Можно сказать, что если этика ищет баланс, то героическая мораль его восстанавливает. При этом этика не позволяет достигнув баланса, нарушить его в другую сторону. Она всегда требует справедливости и учета общих интересов. Она словно говорит – чрезвычайная ситуация сходит на нет, пора заменить насилие договором!

Сходным образом обстоит дело внутри коллектива. Чрезмерное внутреннее насилие в ответ на внешнее разрушает коллектив, оно воспринимается как несправедливость и этика требует ее устранить. (Поэтому, кстати, власть любит выдумывать врагов – дабы оправдать свое насилие.) Если требование этики не выполняется, героическая мораль начинает видеть врагов уже в тех, кто осуществляет это неоправданное насилие над соратниками. Т.е. острие морали может быть направлено не только на обьединение и укрепление дисциплины, но и на предотвращение излишнего внутреннего насилия. И пока мораль подчиняется этике, она сплачивает противостоящий противнику коллектив.

Однако что случится, если внешних врагов нет? Тогда этика будет против любого насилия, включая обьединяющее. Да, коллективная борьба рождает чувство сопричастности, вовлеченности, смысла бытия. Но этот смысл – временный!
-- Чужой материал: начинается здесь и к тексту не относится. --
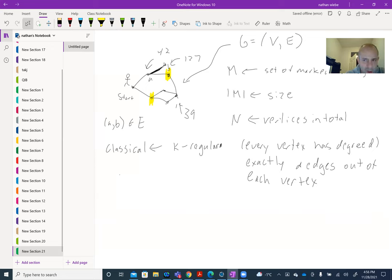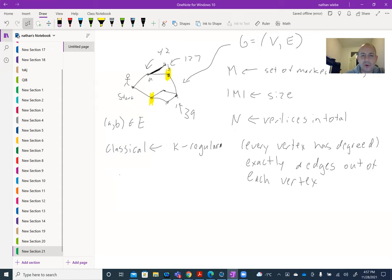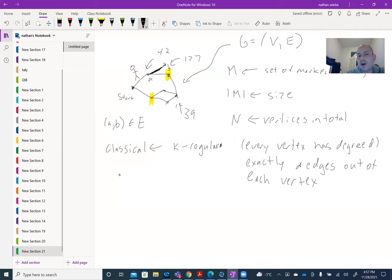Now let's think about how to quantize the walk. There were a number of approaches originally involving the use of a coin — they're kind of nice conceptually, but they're a real pain to analyze. Szegedy's approach was vastly simpler to analyze. This approach basically flips the script a little bit. Instead of imagining the walker as being at a particular vertex, what we do is think about the walker as being on an edge of the graph. The way we keep track of this is we just watch the walker as they progress through the entire graph.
Выживание и победа не могут быть вечной целью. Срок годности героической морали ограничен – это только чрезвычайные ситуации. Слишком долгая борьба приводит к моральной усталости, отчего обьединяющее насилие костенеет, способствует появлению иерархии и несправедливости, а сама борьба замыкается внутри коллектива. Так исчезают бывшие герои – революционеры, повстанцы, святые, а их сообщества вырождаются в ордена, секты и банды. Вне этики героическая мораль бессильна.